Final ACO rule brings health IT changes
The Centers for Medicare and Medicaid Services (CMS) issued a final rule late last week updating its Medicare Shared Savings Program (MSSP) to improve delivery of care for Medicare beneficiaries and build on the early implementations of the program and of the Pioneer Accountable Care Organization (ACO) model.
CMS' MSSP final rule is aimed at enhancing primary care services and offering more flexibility in order to increase participation. CMS is making modifications to the proposed regulations after considering comments received from the December 2014 Notice of Proposed Rulemaking.
The CMS said the final rule aims to improve the program in a number of areas, including: creating a new ACO track based on some of the successful features of the Pioneer ACO Model; streamlining data sharing between CMS and ACOs to help ACOs more easily access data secure patient data; refining policies for resetting ACO benchmarks enable incentives for improving patient care and generating cost savings.
“Accountable Care Organizations have shown early but exciting progress in improving quality, while providing more patient-centered care at a lower cost,” said CMS Acting Administrator Andy Slavitt, in a news release.
“The [final] rules strengthen our ability to reward better care and lay the groundwork for more providers to become successful ACOs.”

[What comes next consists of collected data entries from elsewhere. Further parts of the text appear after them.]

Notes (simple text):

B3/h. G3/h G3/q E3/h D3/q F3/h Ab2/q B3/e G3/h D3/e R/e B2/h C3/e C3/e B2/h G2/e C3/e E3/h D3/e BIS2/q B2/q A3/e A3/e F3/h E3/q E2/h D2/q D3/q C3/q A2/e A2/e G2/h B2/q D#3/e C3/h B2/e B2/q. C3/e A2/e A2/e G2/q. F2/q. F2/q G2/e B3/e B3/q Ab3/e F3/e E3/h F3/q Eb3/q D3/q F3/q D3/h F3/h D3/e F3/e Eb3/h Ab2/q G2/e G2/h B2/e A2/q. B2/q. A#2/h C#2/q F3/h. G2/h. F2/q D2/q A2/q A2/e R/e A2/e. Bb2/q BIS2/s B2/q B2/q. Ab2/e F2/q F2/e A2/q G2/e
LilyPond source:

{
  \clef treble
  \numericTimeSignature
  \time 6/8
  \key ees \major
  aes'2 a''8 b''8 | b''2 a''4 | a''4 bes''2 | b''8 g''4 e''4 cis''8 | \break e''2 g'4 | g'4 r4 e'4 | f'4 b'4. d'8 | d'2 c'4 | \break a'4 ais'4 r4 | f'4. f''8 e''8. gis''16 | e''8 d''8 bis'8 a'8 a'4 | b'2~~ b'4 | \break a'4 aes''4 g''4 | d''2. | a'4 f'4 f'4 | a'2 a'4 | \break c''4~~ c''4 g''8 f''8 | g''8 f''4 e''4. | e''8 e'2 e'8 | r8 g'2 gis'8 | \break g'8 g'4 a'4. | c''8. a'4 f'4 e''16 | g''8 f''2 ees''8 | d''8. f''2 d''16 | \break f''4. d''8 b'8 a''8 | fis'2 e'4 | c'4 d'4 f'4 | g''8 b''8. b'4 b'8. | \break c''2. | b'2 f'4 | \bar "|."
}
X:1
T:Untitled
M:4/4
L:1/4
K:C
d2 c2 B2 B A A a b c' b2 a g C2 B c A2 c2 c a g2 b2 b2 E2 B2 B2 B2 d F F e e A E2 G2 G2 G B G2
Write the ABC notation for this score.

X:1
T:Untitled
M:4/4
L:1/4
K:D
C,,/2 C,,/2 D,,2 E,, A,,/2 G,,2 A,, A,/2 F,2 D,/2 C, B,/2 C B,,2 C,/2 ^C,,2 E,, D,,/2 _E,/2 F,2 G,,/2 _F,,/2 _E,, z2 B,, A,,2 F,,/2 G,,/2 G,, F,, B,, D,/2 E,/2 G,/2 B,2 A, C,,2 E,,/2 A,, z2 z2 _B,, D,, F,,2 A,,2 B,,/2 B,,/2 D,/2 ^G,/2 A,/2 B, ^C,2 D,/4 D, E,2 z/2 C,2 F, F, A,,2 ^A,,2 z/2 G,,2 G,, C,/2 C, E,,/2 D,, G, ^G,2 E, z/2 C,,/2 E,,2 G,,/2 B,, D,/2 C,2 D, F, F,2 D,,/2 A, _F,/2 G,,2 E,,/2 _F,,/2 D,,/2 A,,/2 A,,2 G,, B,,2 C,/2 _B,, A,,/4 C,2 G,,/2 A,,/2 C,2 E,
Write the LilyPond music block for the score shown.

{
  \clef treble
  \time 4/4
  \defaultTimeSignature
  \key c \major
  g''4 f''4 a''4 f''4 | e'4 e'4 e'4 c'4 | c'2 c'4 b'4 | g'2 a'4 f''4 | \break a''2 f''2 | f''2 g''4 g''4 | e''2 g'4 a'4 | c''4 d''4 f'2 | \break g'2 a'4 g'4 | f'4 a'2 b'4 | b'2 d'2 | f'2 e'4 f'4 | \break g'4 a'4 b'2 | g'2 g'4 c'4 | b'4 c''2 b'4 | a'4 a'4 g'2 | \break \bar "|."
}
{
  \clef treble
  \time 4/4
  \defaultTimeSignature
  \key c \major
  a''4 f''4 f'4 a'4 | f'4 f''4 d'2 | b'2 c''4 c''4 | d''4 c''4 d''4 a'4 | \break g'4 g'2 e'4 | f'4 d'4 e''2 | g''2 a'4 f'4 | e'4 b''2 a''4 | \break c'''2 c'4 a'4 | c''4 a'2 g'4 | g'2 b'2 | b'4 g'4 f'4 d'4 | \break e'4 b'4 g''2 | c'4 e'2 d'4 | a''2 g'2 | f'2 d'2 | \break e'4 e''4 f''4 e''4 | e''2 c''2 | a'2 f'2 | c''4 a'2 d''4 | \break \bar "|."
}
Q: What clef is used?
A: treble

The final rule also tells ACOs to outline in their application how they plan to implement technologies, which could include electronic health records, data aggregation and analytics tools, and electronic health information exchange.
Missing from the final rule? Previously proposed telemedicine waivers for ACOs in Track 1 of the program, according to iHealthBeat. Such waivers will be offered "starting as early as 2017," CMS said. Until then, CMS said it will consider telemedicine waivers from ACOs in two-sided risk models and those in Track 3 of the program.
The American Medical Association endorsed the final rule, noting that the flexibility will help doctors.
"AMA believes the ACO program will be most successful if physicians in each specialty can design and be paid in ways that give them the flexibility to deliver the best care for their patients and allow them to take accountability for the aspects of quality and spending they can manage," the AMA said in a statement. "We encourage CMS to accelerate efforts to accept and approve physician-designed alternative delivery and payment models in addition to its efforts to expand the ACO program."
ACOs are a part of the Department of Health and Human Services' broader plan to promote better care, more cautious spending, and improved health. The Obama Administration earlier this year announced the goal of tying 30 percent of Medicare payments to quality and value through alternative payment models, such as ACOs, by 2016 and 50 percent of payments by 2018. More than 400 ACOs are participating in the MSSP, serving over 7 million beneficiaries. Early reports showed ACOs improved performance in 30 of 33 quality measures.
The MSSP was created as part of the Affordable Care Act to promote better health for Medicare beneficiaries by encouraging physicians, hospitals, and other providers to improve patient health and experience of care and to cut costs.